*** Opening Exercise input ***

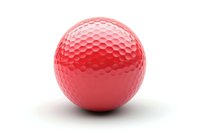 Red golf ball with classic dimpled texture isolated on white background, casting soft shadow. Suitable for sports equipment catalogs and golf-related designs.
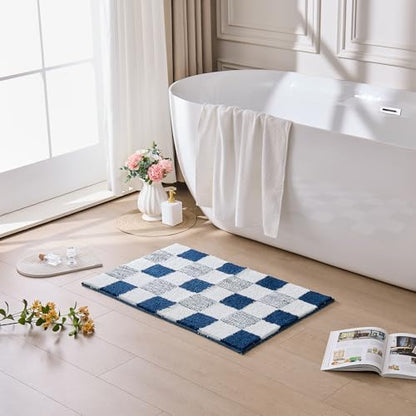 CozeCube Navy Blue Checkered Bath Mat 47"x24" Non Slip Washable Rug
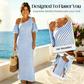 👗 50 % DE RÉDUCTION POUR UNE DURÉE LIMITÉE ! ✨ Robe à rayures et épaules dénudées pour femme – Élégante, fluide, chic et estivale 🌊
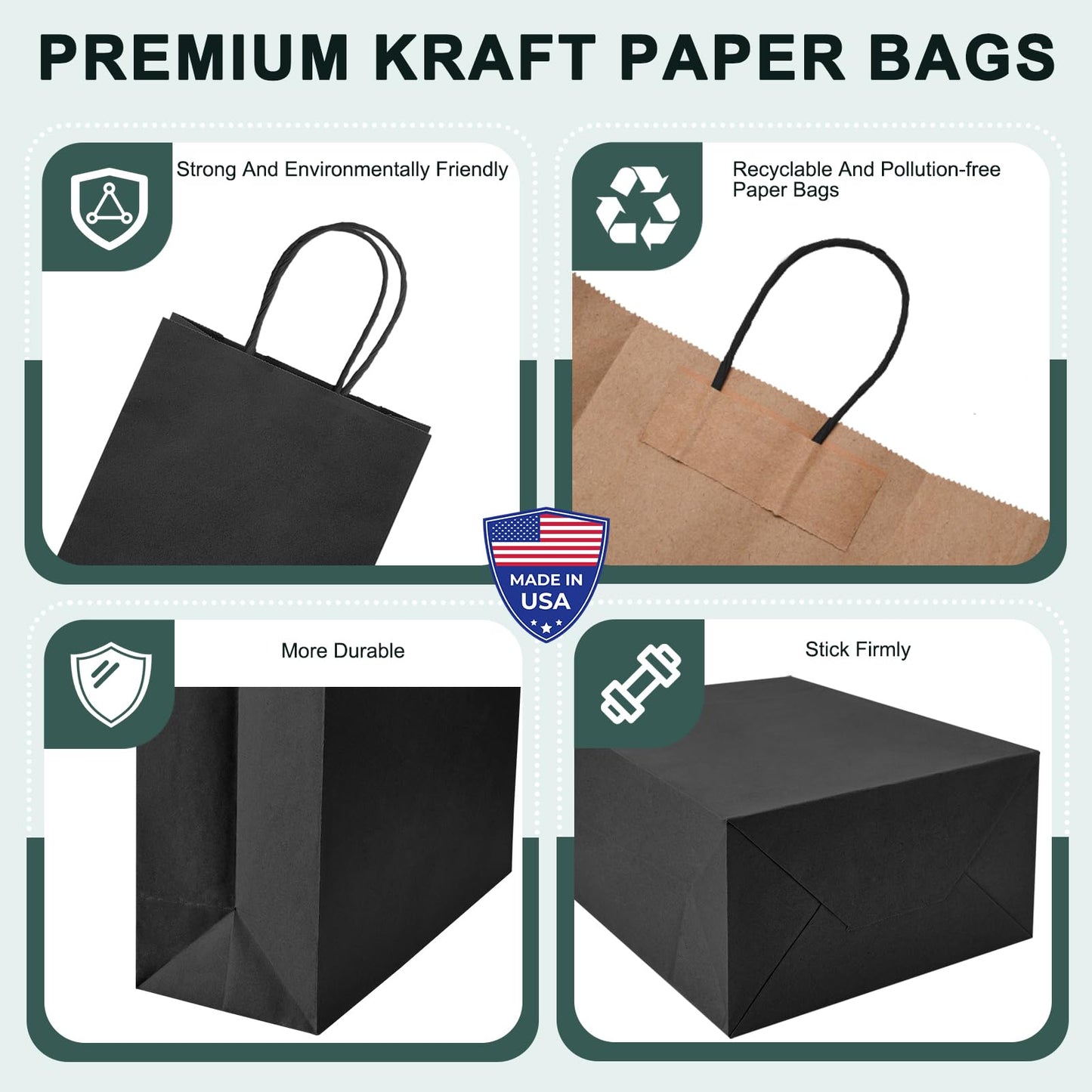 METRONIC Black Paper Gift Bags 8x4.25x10.5 Inches 100 Pack, Medium Kraft Shopping Bag with Handles for Business, Boutique, Party Favors, Retail Stores, Gift Wrap Bulk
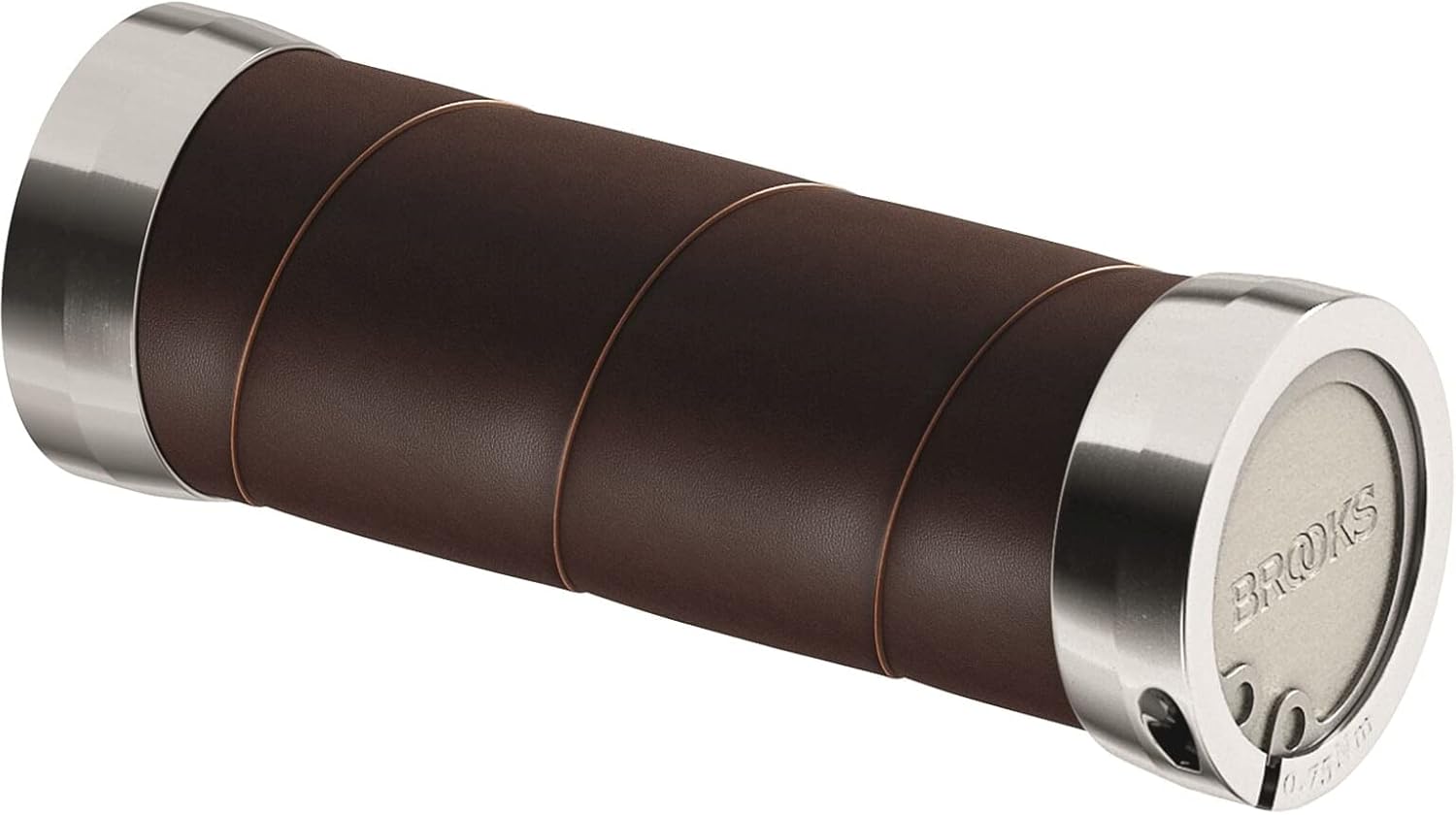 Brooks Slender Leather Grips (100+100 mm) - Antic Brown-New22 Unisex Adult Handle - Silver - Standard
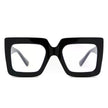 Oversized Square Blue Light Blocking Sunglasses-BLACK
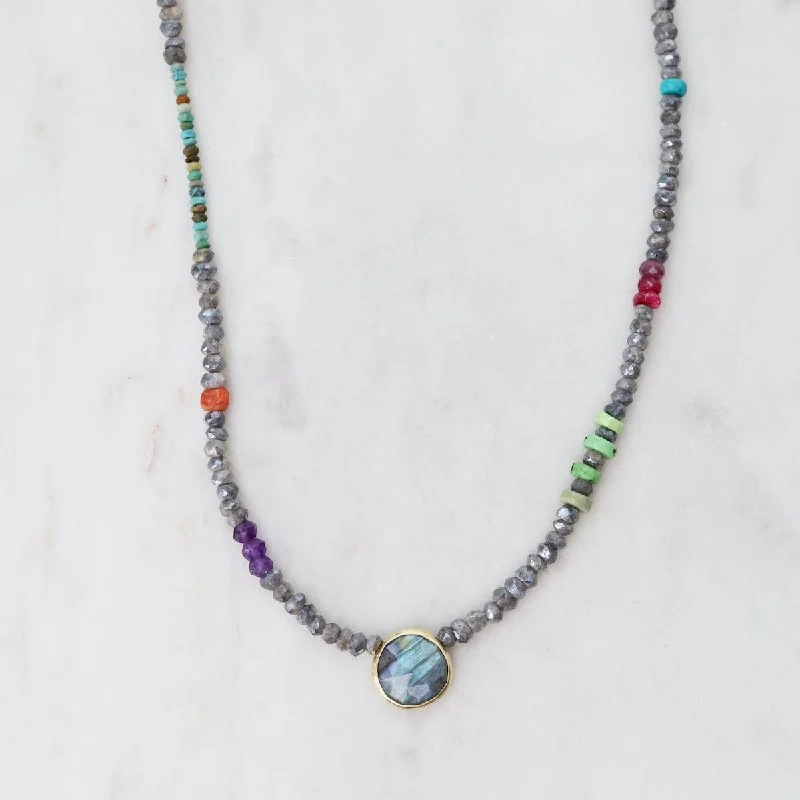 Trendy Multi-Layered Necklaces For Bold Style-Labradorite Dot Necklace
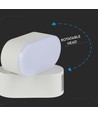 6W oval vegglampe - IP65, hvit, dreibar, inkl. lyskilde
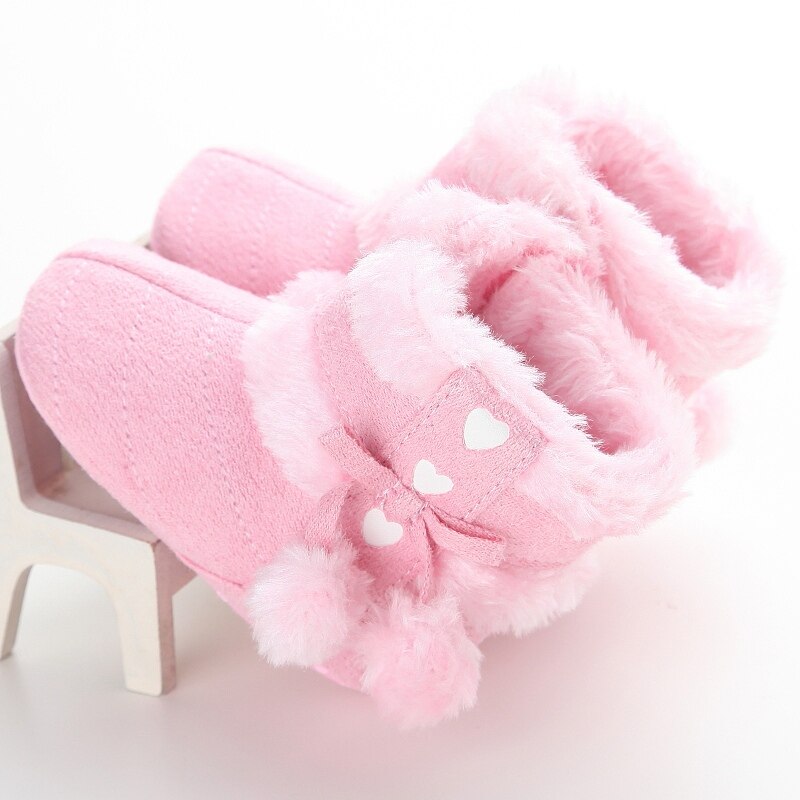 Inverno Del bambino Della Ragazza del Ragazzo Stivali Caldi Stivaletti Solido Palla di Pelo Infantili Del bambino Appena nato Da Neve Pantofole casuale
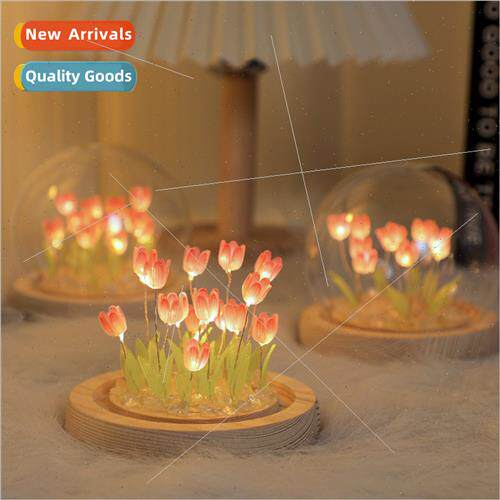 Tulip glass night light handmade diy material k ins ambient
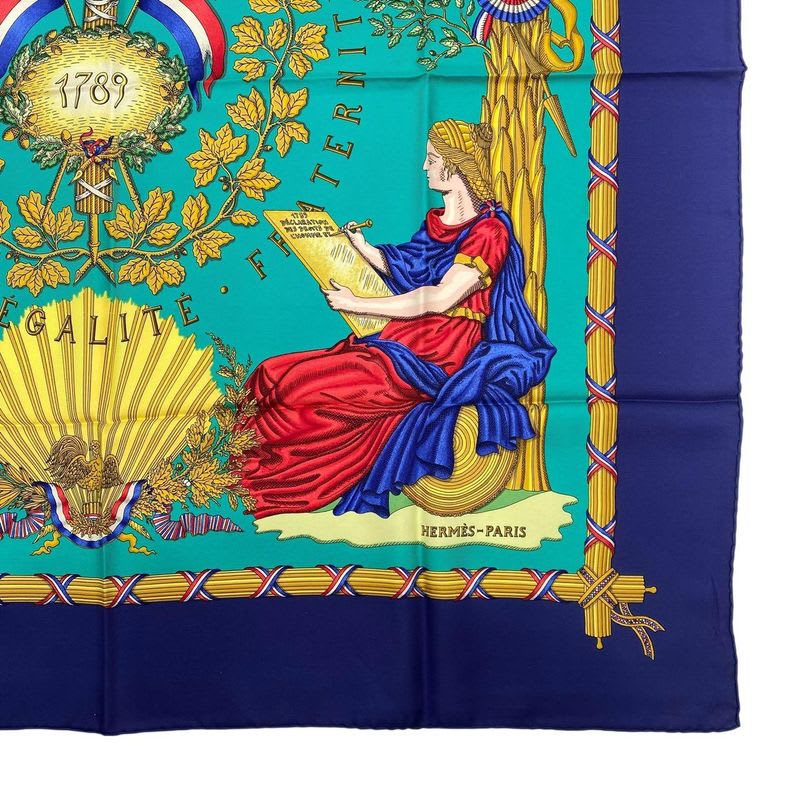Hermes Scarf Carre 90 in Commemoration Of The French Revolution Silk Blue — view 5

*** Closing Exercise input ***

Exercise
In the entries above, which lines run from the one with "Brooks Slender Leather" up to and including the one with "Tulip glass night"? Write them out exactly, without the pictures.

Exercise response
 Brooks Slender Leather Grips (100+100 mm) - Antic Brown-New22 Unisex Adult Handle - Silver - Standard
 Oversized Square Blue Light Blocking Sunglasses-BLACK
 Trendy Multi-Layered Necklaces For Bold Style-Labradorite Dot Necklace
 6W oval vegglampe - IP65, hvit, dreibar, inkl. lyskilde
 Inverno Del bambino Della Ragazza del Ragazzo Stivali Caldi Stivaletti Solido Palla di Pelo Infantili Del bambino Appena nato Da Neve Pantofole casuale
 Tulip glass night light handmade diy material k ins ambient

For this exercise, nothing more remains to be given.